Strong and Weak: Embracing a Life of Love, Risk and True Flourishing by Andy Crouch
My rating: 4 of 5 stars
I loved Crouch’s two major previous books, Culture Making: Recovering Our Creative Calling and Playing God: Redeeming the Gift of Power. I felt this one was also very profitable, though not quite as deep as his other two. All the same, I’m planning a second read-through. I want to get this. I think he’s on to something big, something abidingly useful and true. What really made me think so was when he finally got to showing how this thing—embracing a life of vulnerability on the one hand and authority on the other—is so thoroughly true of Jesus. He emptied himself, but spoke with authority. He humbled himself, but forgave sins. The Bible was a bit less evident in this book than in the others (particularly Culture Making); Crouch in this book felt Gladwellian more so than preacherish. But this connection of his thesis to Jesus is so strong that I was persuaded. Crouch writes as a Christian and a theologian, as a gifted popularizer and a not a self-help guru.

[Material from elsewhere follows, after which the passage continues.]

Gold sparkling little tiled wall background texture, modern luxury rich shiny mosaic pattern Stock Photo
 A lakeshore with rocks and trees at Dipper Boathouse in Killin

Crouch is one person whose books you don’t want to miss if you want to do what the Bible calls for: “Those who have believed in God [must] be careful to devote themselves to good works” (Titus 3:8). How can your good works make a difference, truly helping others? What is the best way to work with others to do good for your neighbor? Crouch got me thinking about the role institutions, in particular, play in answering that question. That was in Playing God. Now he has me thinking about the ways in which I must take risks and increase my vulnerability if I want to lend authority, authority to “make something of the world,” to others.
Here’s just one comment that he made that was wise and immediately helpful:
When media are tools that help those who have lacked the capacity for action take action, and bring them together to bear risk together rather than be paralyzed in Suffering, they can lead to real change. But when the residents of the comfortable affluence of Withdrawing use media to simulate engagement, to give ourselves a sense of making a personal investment when in fact our activity risks nothing and forms nothing new in our characters, then “virtual activism” is in fact a way of doubling down on withdrawing, holding on to one’s invulnerability and incapacity while creating a sensation of involvement. Only when technology serves a genuine, embodied, risky move toward flourishing is it something other than an opiate for the mass elite—the drug that leaves us mired in our apathy and our neighbors in their need. (87–88)
A little note on the audio: make sure to see Crouch’s 2×2 chart before you listen to the book, or you’ll have a little trouble following along:
Not having read the book maybe he explains it, but I think a better word than “suffering” needs to be in the south-east corner. Jesus both flourished and suffered. And the call to Christians is more a call to suffering than it is to flourishing (Acts 14:22).
A good point. Since I listened to the book and did not read it in print or ebook format, I didn’t really think through the look of the 2×2. I imagine he’s thought of this, but I can’t specifically repeat what he might have said.